A few tentative ideas along with papers to read to get you started are also listed below:

System Identification with Partial Observability: Understand and survey how non-asymptotic results are obtained when the learner is not given direct state access.
- It may also be of interest to explore connections to L1- and Nuclear norm regularization (and even implicit regularization)
- Suggested reading: System Identification: Theory for the User, Revisiting Ho–Kalman-Based System Identification: Robustness and Finite-Sample Analysis, Finite Sample Analysis of Stochastic System Identification, Rate-Optimal Non-Asymptotics for the Quadratic Prediction Error Method
Imitation Learning: Roughly speaking imitation learning synthesizes understanding of supervised learning and the mitigation of a special form of distribution shift. Understand and survey this field.
- It might be a good place to start to understand the relation of this field to the material in the course.
- Suggested reading: Toward the Fundamental Limits of Imitation Learning, TaSIL: Taylor Series Imitation Learning, Is Behavior Cloning All You Need? Understanding Horizon in Imitation Learning
Self-Supervised Learning: In a nutshell, next-token prediction, used in pre-training large language models, is structurally not much different from the autoregressions we have analyzed in this course.
- Survey and understand the available theoretical progress in this space.
- It may be helpful focus on understanding how things change once we leave square loss behind and use the logarithmic loss function.
- Suggested reading: Mamba: Linear-Time Sequence Modeling with Selective State Spaces, From Self-Attention to Markov Models: Unveiling the Dynamics of Generative Transformers
Policy optimization methods:
- conduct a survey on results showing that direct policy optimization is effective for linear optimal control.
- Can these ideas be extended to nonlinear systems?
- Suggested Reading: Global convergence of policy gradient methods for the linear quadratic regulator, Linear Convergence of Gradient and Proximal-Gradient Methods Under the Polyak-Łojasiewicz Condition, Stabilizing Dynamical Systems via Policy Gradient Methods, Towards a Theoretical Foundation of Policy Optimization for Learning Control Policies
Information-Theoretic Analyses: While much of the standard analysis of learning algorithms proceeds via uniform convergence, a powerful alternative is the information-theoretic (~change-of-measure, ~PAC-Bayes) approach.
- Survey this approach and discuss how it can be applied to learning in control and dynamical systems.

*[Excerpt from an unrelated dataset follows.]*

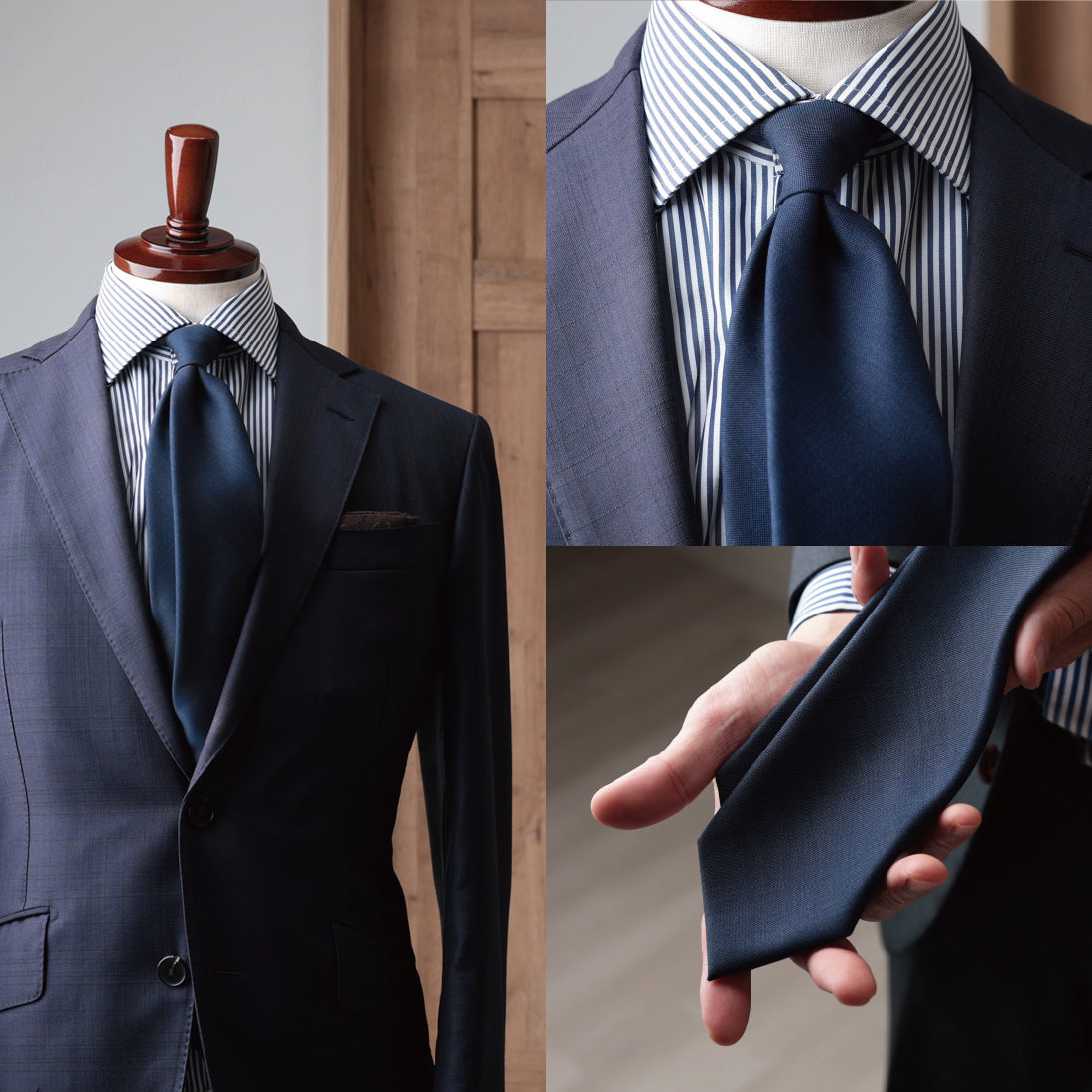 CANONICO SHARK SKIN ウール 4colors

- Suggested Reading: From ε-Entropy to KL-Entropy: Analysis of Minimum Information Complexity Density Estimation, Information-theoretic analysis of generalization capability of learning algorithms, Information Theoretic Regret Bounds for Online Nonlinear Control, Information-Theoretic Foundations for Machine Learning
Multi-Task/Representation Learning:
- Conduct a survey of existing results that highlights connections and significance to the L4DC space
- Suggested Reading: Model-Agnostic Meta-Learning for Fast Adaptation of Deep Networks, Few-Shot Learning via Learning the Representation, Provably, Guarantees for Nonlinear Representation Learning: Non-identical Covariates, Dependent Data, Fewer Samples
Control as Online Optimization:
- Survey this line of work and discuss how it relates to traditional adaptive control
- Suggested Reading: Introduction to Online Nonstochastic Control, Improper Learning for Non-Stochastic Control
The interplay between computation and information: under certain widely believed conjectures in theoretical computer science it can be shown that there are fundamental trade-offs between computational and statistical complexity in sparse estimation. In particular, the LASSO incurs additional dependence on the data’s condition number and this is believed to be unimprovable in general.

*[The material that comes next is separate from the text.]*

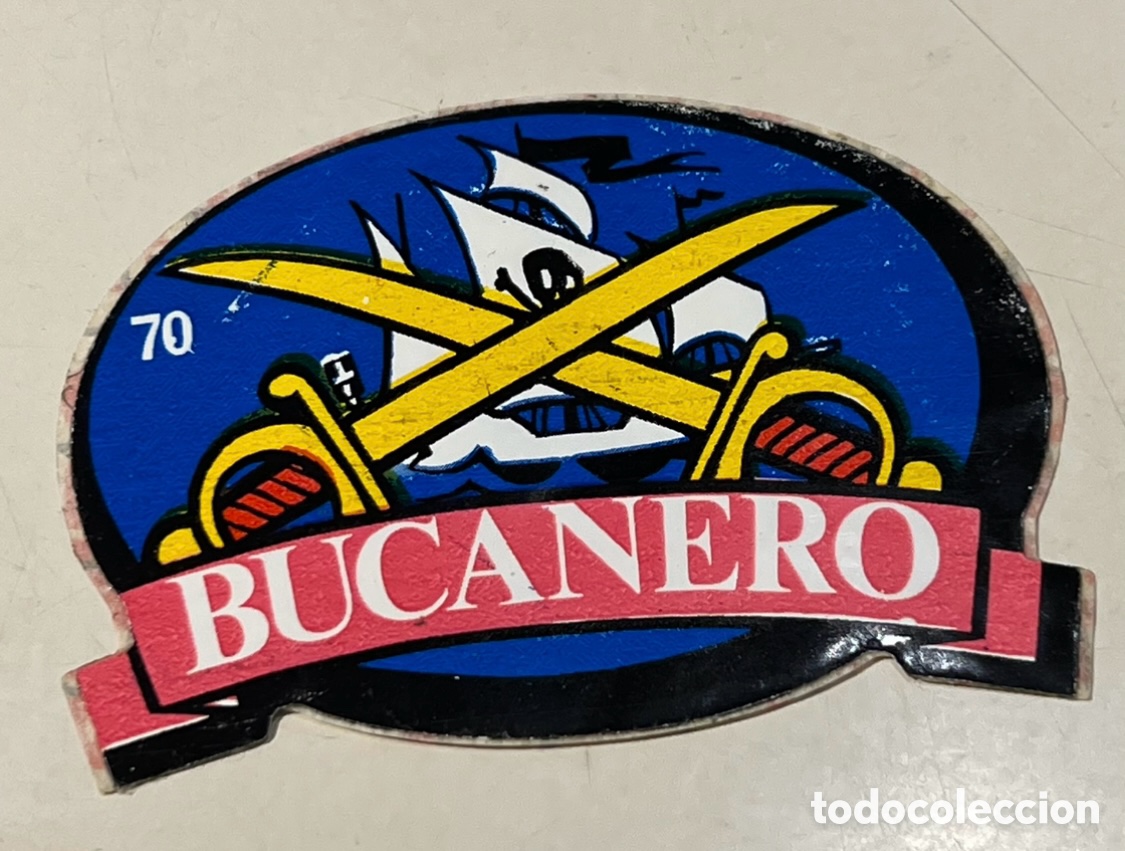 Pegatinas de colecci&oacute;n: Pegatina. Bucanero. Bimbo. A&ntilde;os 70.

- Survey this area and discuss its significance for learning high-dimensional linear dynamical systems
- Suggested Reading: Lower Bounds on the Performance of Polynomial-time Algorithms for Sparse Linear Regression
Please do not feel restricted by the above: The theme of “learning, dynamics and control” is to be interpreted broadly and you are more than welcome to suggest other topics, including, but not limited to: diffusion models, reinforcement learning, next-token prediction, adaptive control, robot learning, and so on.